**TASK STATEMENT**
Output the data below only from the line containing "this 800×666 image." up to and including the line containing "this 450×320 image.", exact and with the pictures left out.

Saved data entries
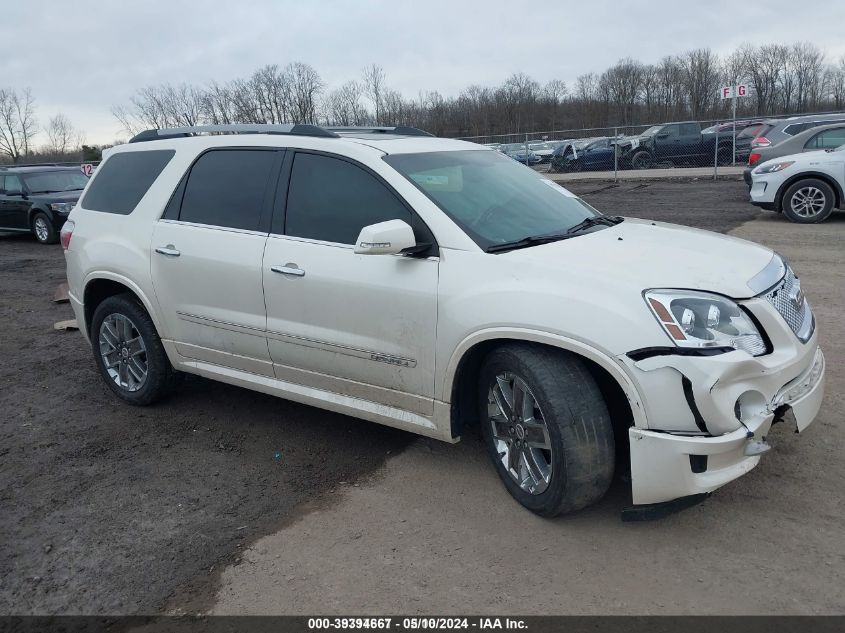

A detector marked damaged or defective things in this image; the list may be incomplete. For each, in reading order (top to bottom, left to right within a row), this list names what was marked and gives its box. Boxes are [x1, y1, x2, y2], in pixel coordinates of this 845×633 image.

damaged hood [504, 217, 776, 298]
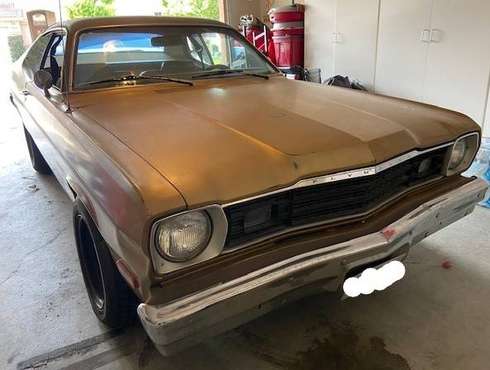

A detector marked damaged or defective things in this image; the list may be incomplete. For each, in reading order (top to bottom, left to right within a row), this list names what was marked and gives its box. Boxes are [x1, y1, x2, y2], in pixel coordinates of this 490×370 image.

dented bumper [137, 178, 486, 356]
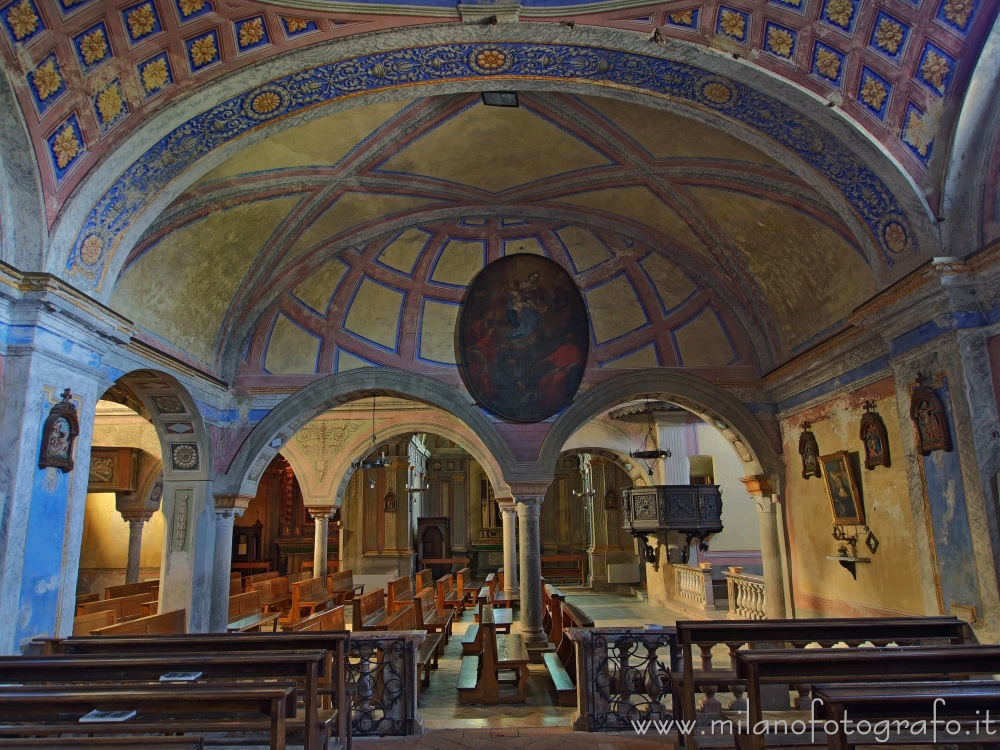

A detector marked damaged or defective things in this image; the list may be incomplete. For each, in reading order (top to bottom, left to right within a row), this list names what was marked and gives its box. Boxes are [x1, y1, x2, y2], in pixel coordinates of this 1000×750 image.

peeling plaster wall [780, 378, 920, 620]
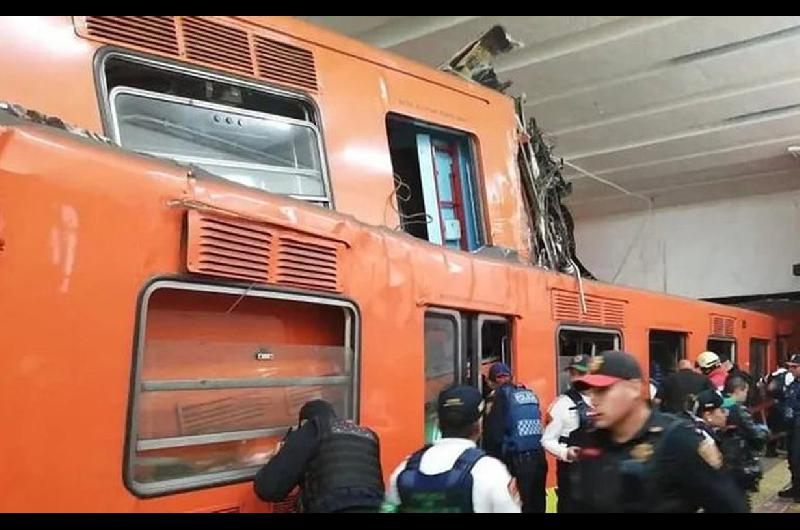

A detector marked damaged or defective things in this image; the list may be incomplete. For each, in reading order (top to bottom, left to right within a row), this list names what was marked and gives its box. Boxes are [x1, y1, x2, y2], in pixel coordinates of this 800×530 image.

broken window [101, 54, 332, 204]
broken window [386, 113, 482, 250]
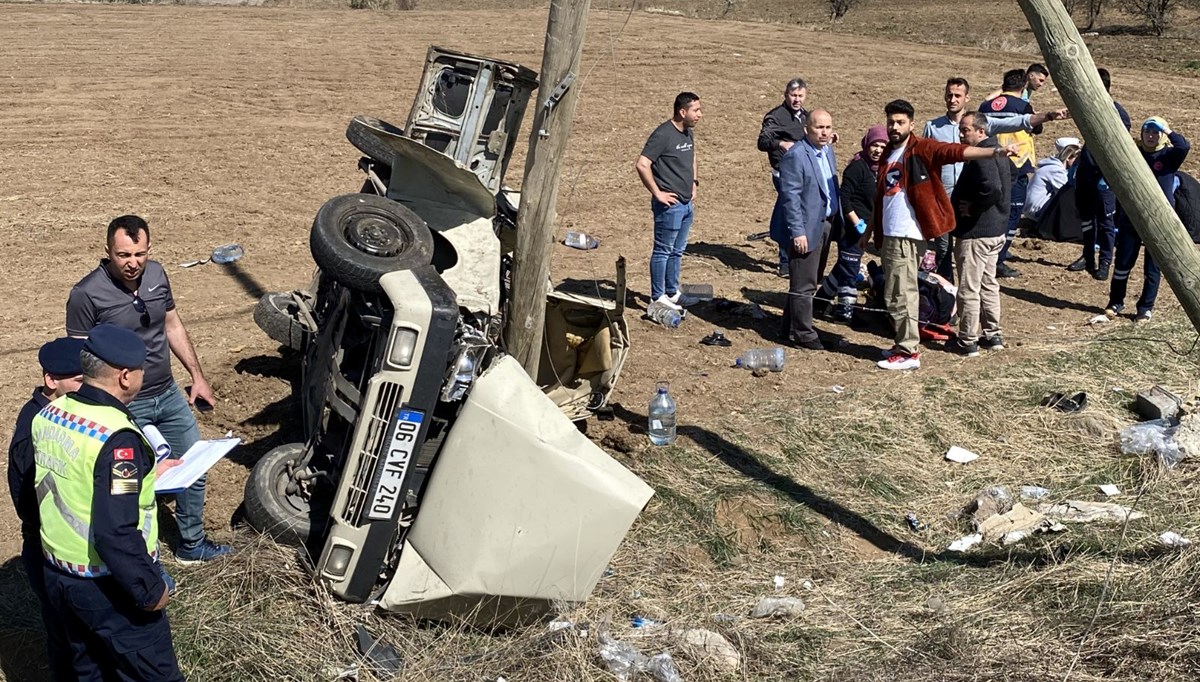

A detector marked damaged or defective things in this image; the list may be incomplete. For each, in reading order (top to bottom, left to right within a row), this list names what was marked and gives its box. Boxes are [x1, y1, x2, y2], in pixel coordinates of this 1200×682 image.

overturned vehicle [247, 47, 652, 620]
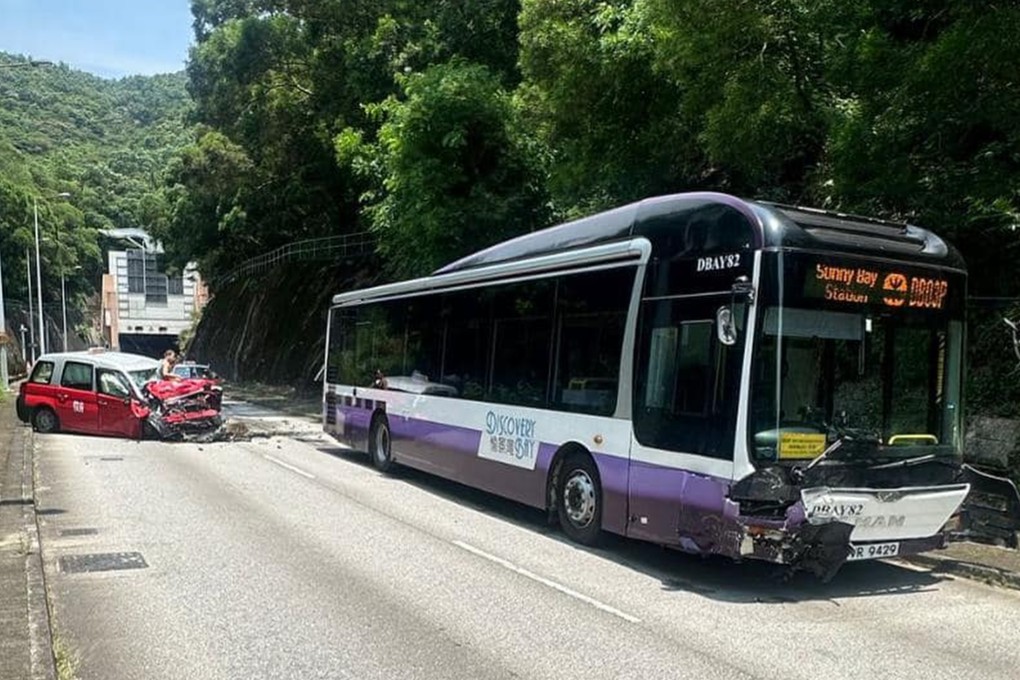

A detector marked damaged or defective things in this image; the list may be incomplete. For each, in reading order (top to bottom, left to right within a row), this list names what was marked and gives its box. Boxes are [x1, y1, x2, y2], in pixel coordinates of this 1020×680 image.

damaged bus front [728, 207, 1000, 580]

==

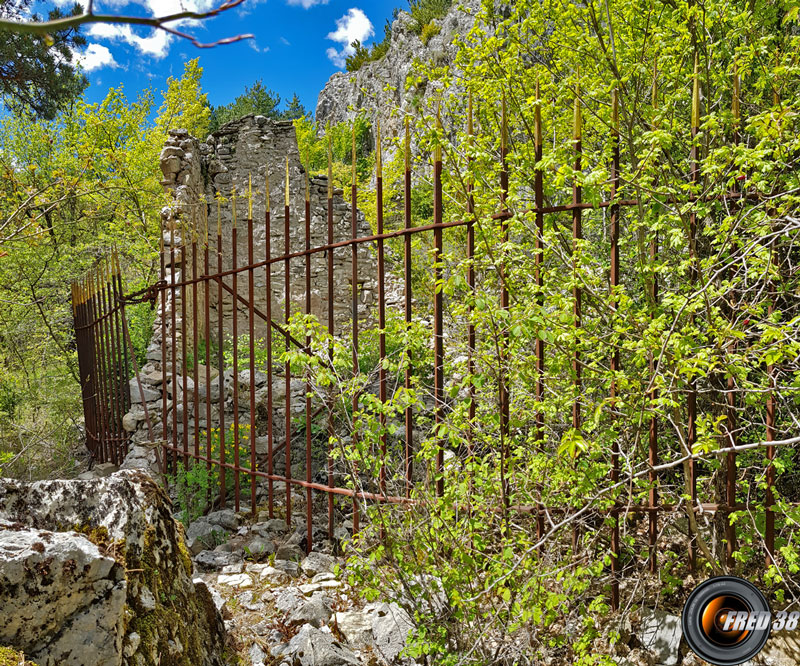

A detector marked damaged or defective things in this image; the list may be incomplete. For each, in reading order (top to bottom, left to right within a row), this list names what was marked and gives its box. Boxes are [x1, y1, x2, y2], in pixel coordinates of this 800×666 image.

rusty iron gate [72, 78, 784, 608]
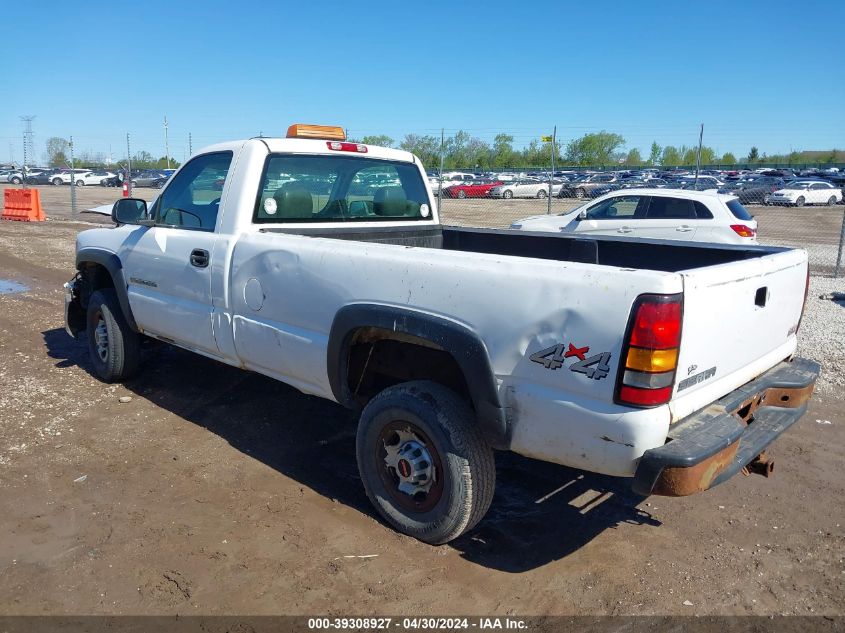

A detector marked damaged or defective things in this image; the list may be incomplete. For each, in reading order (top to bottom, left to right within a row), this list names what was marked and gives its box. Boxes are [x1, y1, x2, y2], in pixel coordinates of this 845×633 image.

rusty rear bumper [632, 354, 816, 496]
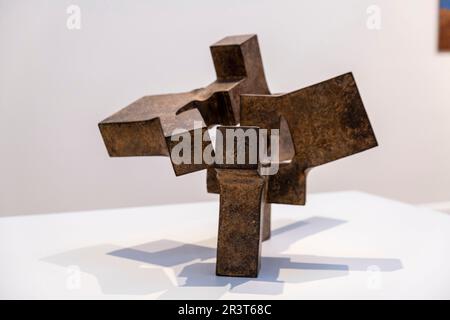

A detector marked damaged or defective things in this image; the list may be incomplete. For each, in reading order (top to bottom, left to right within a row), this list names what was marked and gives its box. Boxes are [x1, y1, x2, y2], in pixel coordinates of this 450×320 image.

**RESPONSE BELOW**
A detector marked damaged or defective things in this image; the list may be incomplete. For each, in reading order (top to bottom, left to right within a row), this list names what was marked and gives its box. Boxes are [x1, y1, x2, y2], in pixel coordinates of this 800×666 image.

rusty iron gate [72, 78, 784, 608]

A detector marked damaged or defective things in this image; the list may be incomplete. For each, in reading order (top to bottom, left to right within a row), this list names what was marked and gives its box. Boxes are [x1, y1, x2, y2], in pixel coordinates of this 845×633 image.

rusty rear bumper [632, 354, 816, 496]

A detector marked damaged or defective things in this image; the list may be incomplete. For each, in reading order (top to bottom, left to right within a row), this list names what was marked and gives its box. Boxes are [x1, y1, x2, y2], in pixel coordinates of this 450×320 image.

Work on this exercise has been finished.